>>> Softmax can be implemented as a composition of primitive TensorFlow ops (exponent, reduction, elementwise division, etc.): softmax = exp(logits) / reduce_sum(exp(logits), dim)
In the nnpack implementation, the same exponential (i.e. expf) is computed twice for each element, which is a waste of time. A faster implementation should save each expf result to output[sample][channel] first, compute the sum and then rescale output[sample][channel] by the sum.
If you have an efficient vectorized implementation of expf (NNPACK does), softmax is a memory/cache bandwidth-bound kernel, and storing data is less efficient than recomputing.
Where is this vectorized expf implemented? I am only seeing softmax is calling the standard expf. Let's suppose expf from libm is vectorized. Is there any benchmark showing nnpack's implementation is really faster? I doubt, actually. Exp is quite expensive even if vectorized.
This is the reference implementation of softmax, i.e. implementation used as a reference in unit tests. It is designed to be simple, readable, and correct, which is why I linked it here.
Thanks for the pointer.
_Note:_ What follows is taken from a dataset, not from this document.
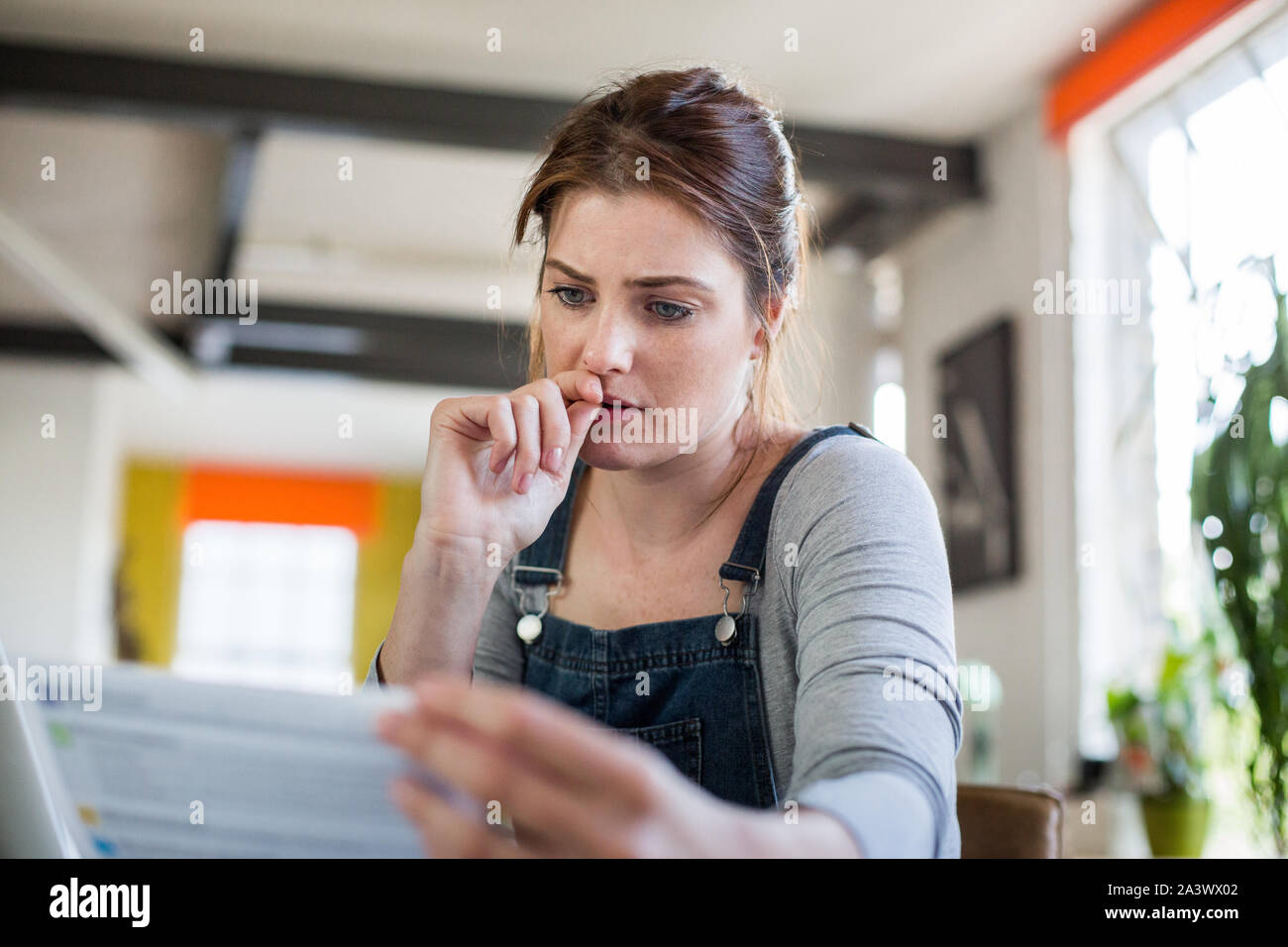 Young adult female online banking Stock Photo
The full softmax implementation is here [1]. I have not read the code, but I can trust the developer to have a very fast implementation. Nonetheless, I don't think the reference implementation in your original link is optimal. Exp is expensive and should not be called twice (EDIT: unless you can show a benchmark to prove me wrong).
I later realized he is the developer, but this does not change this discussion. Here is a micro benchmark, computing softmax 1 million times over a random vector of size 1000. On an old Linux server, calling the libm expf once takes 11.76 CPU seconds; calling it twice takes 25.15s. The implementation for calling expf once:
void softmax1(int n, const float *x, float *y)
{
int i;
float s, max = -FLT_MAX;
for (i = 0; i < n; ++i) max = max > x[i]? max : x[i];
for (i = 0, s = 0.0f; i < n; ++i) s += (y[i] = expf(x[i] - max));
for (i = 0, s = 1.0f / s; i < n; ++i) y[i] *= s;
}
This micro benchmark proves my point: using expf from libm, the reference implementation in nnpack is suboptimal. It is possible that a vectorized expf may change the fact, but the developer needs to prove it with numbers.
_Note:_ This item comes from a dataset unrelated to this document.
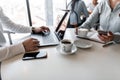 Two young successful designers are sitting with a laptop with a notepad discussing a creative project and drinking coffee Royalty Free Stock Photo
Easier than that, I got Python 3.6 64bits and headed to Christoph Gohlke's amazing Python Wheels repository, downloaded everything I needed (NumPy, SciPy, OpenCV 3.2, matplotlib, etc + TensorFlow) and then it was just a matter of:
pip3 install [filename]
...until everything was installed. I gotta buy that man more than a few beers for all the time he's saved me over the years. Bonus points: got the wheels with Intel MKL and OpenCV+contrib.
It would seem Torch/PyTorch are faster than TF. TF uses static optimizations on the computation graph while Torch has a dynamic computation graph. Logically, static optimizations should be faster because they know the data size beforehand.
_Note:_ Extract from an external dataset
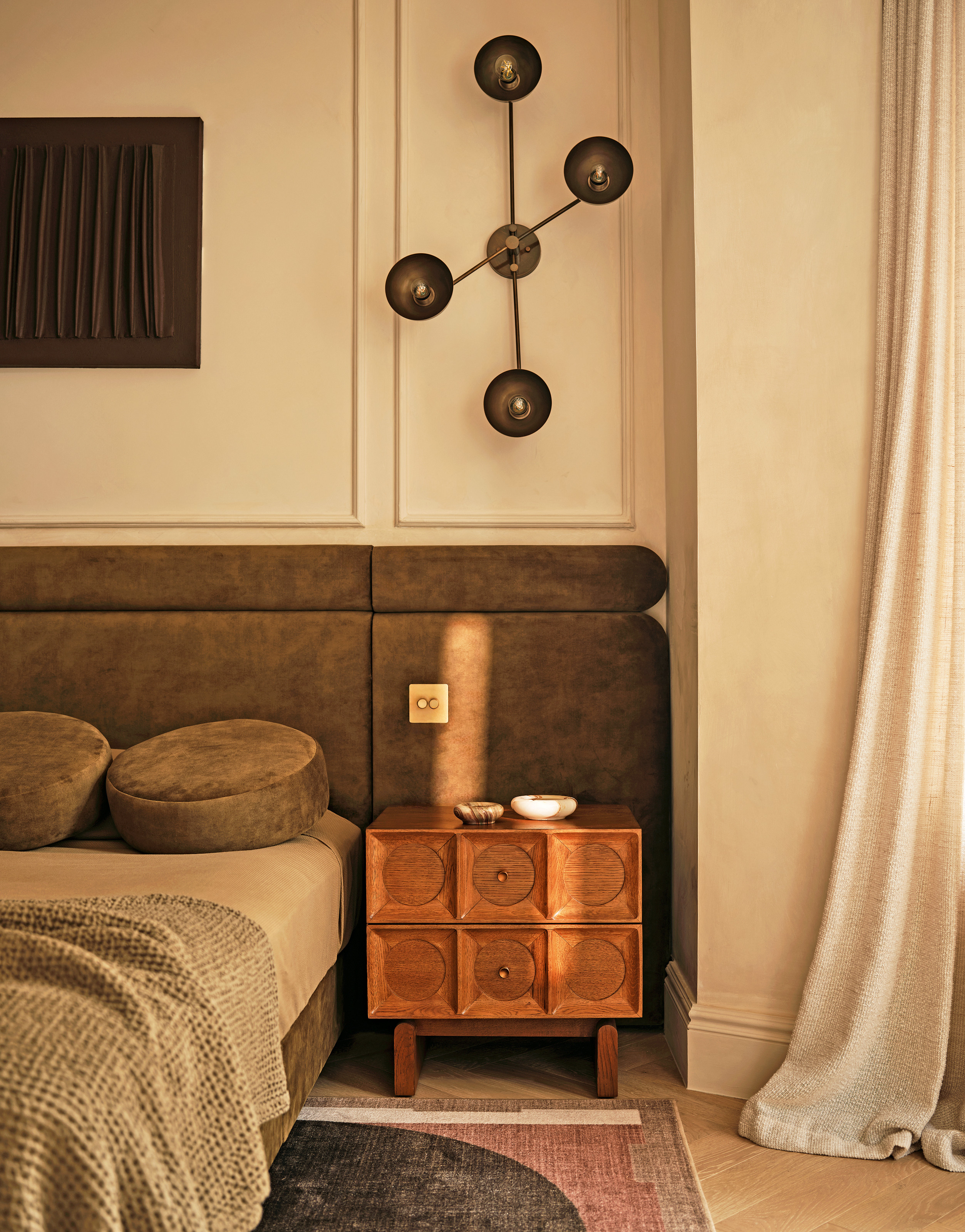 Bedroom with olive green upholstered extended headboard, wood side table, green bedlinen and round velvet cushions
Tensorflow is getting dynamic jit optimization too. I think part of the reason that some dynamic optimizations might perform better is that the results of the optimization can be cached for most other batches and they can specialize to utilize batch/shape/input specific properties
I'm kind of getting the sense that TF is presently being optimized for its own massive development: that is, the engineers are yanking out chunks of code and replacing them, quickly, and at varying scales.
I've been looking around in a few places but I can't find a way to use XLA to compile tensorflow models for mobile devices. Is there a tutorial/blogpost by google(or anyone for that matter) talking about it?
Thanks!
It's gpucc, so it builds from LLVM when you enable XLA in the TF configure step.
Trying to understand: you don't want to ship a compiler library on principle, or is it some kind of product requirement, or ? There's lots of cool work to be done in the compiler space so use cases help to prioritize. :-) Thanks!
No, it can not be implemented this way, it is numerically unstable, and will produce NaNs if any input is greater than ~88.7. Luckily, it is also not how its implemented in Tensorflow: https://github.com/tensorflow/tensorflow/blob/2c8d0dca978a24...
For a clean (and more efficient) C version of this algorithm, take a look at NNPACK reference implementation: https://github.com/Maratyszcza/NNPACK/blob/master/src/ref/so...